Problems arise when Martin awakens from his coma. David is cast out into the wilderness, where robot-hunters torture machines for sport. He befriends other robots—most notably Gigolo Joe (Jude Law), another robot programmed to love, but in a very different way—as he embarks on a quest to find Pinocchio’s “Blue Fairy” and become a “real” boy so that he can win Monica’s love again.
The plot raises many questions that sci-fi works often like to tackle: What happens to this world when we use up all of its resources? How closely should we relate to the machines that are essential to our daily lives? What are our responsibilities to these machines? At what point, if ever, is something artificial so lifelike that it finally becomes “real”? What is “real”, anyway?
To the movie’s credit, all of these problems are filtered through David’s eyes. The worldwide scarcity of resources—what actually sets into motion the main conflict in the film—is pushed to the periphery of the story. Aside from some voiceover exposition (done by Ben Kingsley) and a few striking images of New York City submerged in water, the state of the world is just taken as matter-of-fact and left to the side. The movie isn’t full of boardroom scenes where top scientific minds try to address society’s fraught environmental situation. What matters is how all this affects David. It gives him his reason for being, which is, at its heart, unnatural.
The same goes true for the uneasy—if not downright violent—relations between humans and robots in the film. It makes sense that humans in David’s world would feel tense at the number and intelligence of robots. But rather than understanding it on a rational level, Spielberg gets us to really feel it, through David’s fear at a “Flesh Fair”, a sadistic carnival where robots are degraded and dismantled for the delight of humans.
It’s a grisly scene, and uncomfortable to watch, but its individuality is key. Choosing one robot to express the plight of them all is more effective than a movie—I, Robot, for example—refocused to be about struggles that humans as a race and robots as a whole face in the wake of their increasing dependence. (It’s in this way that the ending of the film is not only earned, but essential—but since this issue is only approached in the margin throughout David’s story, there have been complaints of its superfluity.
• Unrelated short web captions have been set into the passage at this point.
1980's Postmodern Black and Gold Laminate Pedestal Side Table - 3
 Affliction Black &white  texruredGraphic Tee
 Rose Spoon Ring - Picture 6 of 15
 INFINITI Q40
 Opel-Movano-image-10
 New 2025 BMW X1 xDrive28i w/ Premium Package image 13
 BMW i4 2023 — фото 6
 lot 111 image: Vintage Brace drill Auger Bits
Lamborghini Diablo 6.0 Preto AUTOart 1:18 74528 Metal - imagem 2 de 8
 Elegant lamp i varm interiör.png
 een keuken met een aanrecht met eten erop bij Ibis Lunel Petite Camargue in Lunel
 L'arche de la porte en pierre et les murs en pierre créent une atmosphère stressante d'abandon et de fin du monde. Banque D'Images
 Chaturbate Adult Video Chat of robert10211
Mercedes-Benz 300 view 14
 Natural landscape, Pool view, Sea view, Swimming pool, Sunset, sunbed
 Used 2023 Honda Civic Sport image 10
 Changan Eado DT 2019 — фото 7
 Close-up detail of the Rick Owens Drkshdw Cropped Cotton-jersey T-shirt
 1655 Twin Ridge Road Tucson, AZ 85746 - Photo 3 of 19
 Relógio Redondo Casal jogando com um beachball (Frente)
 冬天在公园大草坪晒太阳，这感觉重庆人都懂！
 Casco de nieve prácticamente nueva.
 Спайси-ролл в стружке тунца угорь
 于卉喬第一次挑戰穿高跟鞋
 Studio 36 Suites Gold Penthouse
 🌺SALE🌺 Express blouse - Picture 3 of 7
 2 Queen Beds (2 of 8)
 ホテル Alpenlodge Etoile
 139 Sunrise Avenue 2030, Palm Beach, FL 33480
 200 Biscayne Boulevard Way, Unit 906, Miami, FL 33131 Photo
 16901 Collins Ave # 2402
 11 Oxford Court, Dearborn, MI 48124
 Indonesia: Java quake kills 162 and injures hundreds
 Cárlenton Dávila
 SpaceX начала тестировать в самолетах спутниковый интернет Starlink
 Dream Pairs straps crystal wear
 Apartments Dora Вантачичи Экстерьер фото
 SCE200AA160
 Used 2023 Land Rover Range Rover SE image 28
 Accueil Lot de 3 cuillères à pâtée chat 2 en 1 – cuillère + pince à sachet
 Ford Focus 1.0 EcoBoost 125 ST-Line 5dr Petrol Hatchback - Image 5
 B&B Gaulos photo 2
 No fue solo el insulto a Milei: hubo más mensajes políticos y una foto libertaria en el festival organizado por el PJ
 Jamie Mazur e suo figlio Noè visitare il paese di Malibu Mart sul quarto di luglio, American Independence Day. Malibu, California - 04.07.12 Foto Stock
Those who are aggravated by its existence should remember that the main question—“What happens after society builds too many, too smart robots?”—is one that definitely deserves an answer.)
David’s journey is fraught. It is frightening at times, and upsetting at others. Sure, it’s even a little silly and, occasionally, heavy-handed and overwrought. But it’s by hitting these emotions—even if sometimes they’re hit too hard—that the movie is really able to get its ideas across.
The extra features on the new Blu-Ray release of the film—many of which are carried over from the two-disc special-edition DVD—try to keep focused on the positive, with only a touch of the content spent on refuting the critics. There are different features dedicated to the movie’s design, costumes, lighting, effects, robots, music, and acting, with other features that allow Spielberg to offer his own take on things (as usual, he doesn’t do a commentary). And really—even without listening to the Blu-Ray’s argument—they’re all superb, and it’s a shame if you let a bit of sticky-sweet sentimentality ruin all of that for you.